The Reserve Bank of India tweaked some of its guidelines for banks to manage their foreign currency exposure, in an attempt to reduce the risk of unhedged exposure on the banking system during extreme volatility in forex markets.
Banks would be required to assess the unhedged foreign currency exposures of all counterparties to whom they have an exposure in any currency, going ahead, the RBI said in a release on Tuesday.
The rupee has shed nearly 11% against the dollar so far this year and has hit a series of record lows in recent weeks.
Banks will have to ascertain the foreign currency exposure (FCE) of all entities at least annually, the RBI said, adding the revised rules will be effective from Jan. 1, 2023.
The revised rules, though, expanded the scope of exemptions, allowing banks to exclude exposures from 'factoring transactions' from now on, apart from exposures arising out of derivative transactions.
Banks shall determine the potential loss to an entity from unhedged foreign currency exposure (UFCE) using the largest annual volatility in the rupee-dollar exchange rate in the last ten years, the RBI said.

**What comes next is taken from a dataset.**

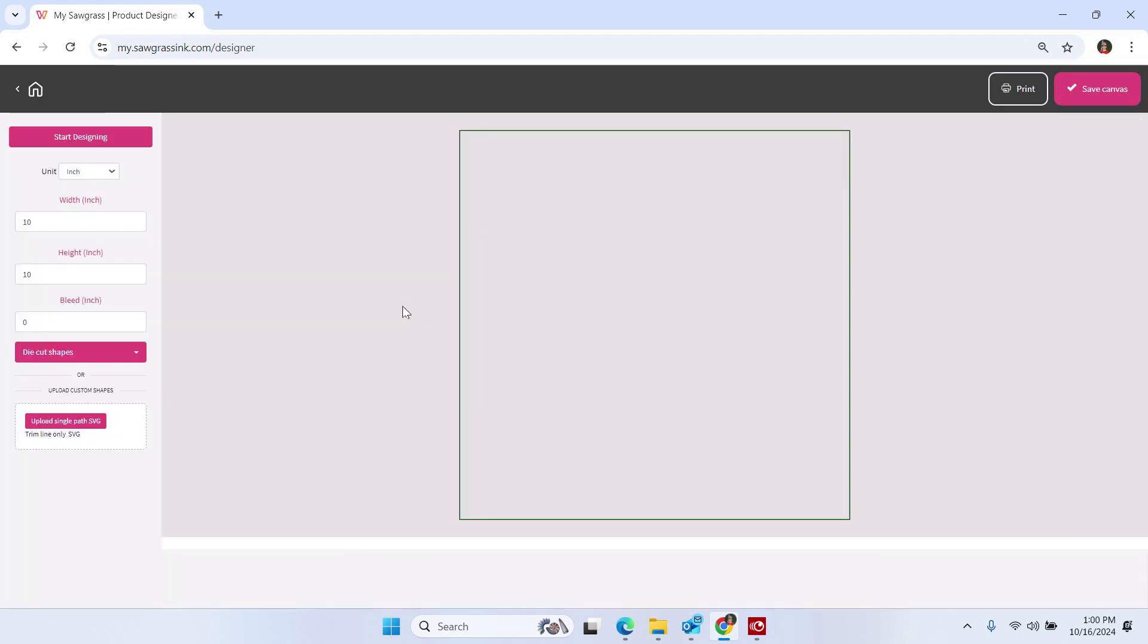Once the Custom Canvas area loads, we are going to upload our SVG. Now, when you are requesting an SVG from your suppliers or creating your own, it does need to be a single path SVG. So what does that mean? It means just one layer or, in other words, one continuous line. So let's go ahead and upload an SVG and we'll talk about exactly what I mean.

"Entities which do not hedge their foreign currency exposures can incur significant losses during the period of heightened volatility in foreign exchange rates," the RBI said.
"These losses may reduce their capacity to service the loans taken from the banking system and increase their probability of default, thereby affecting the health of the banking system."
The RBI said if the potential loss from an entity's UFCE is more than 75%, banks would need to provide for a 25 percentage point increase in total risk weight, over and above the applicable risk weight to that entity.
"This is because the exposures falling in same bucket will have equal increase in their riskiness irrespective of the original risk weight applicable," the apex bank said.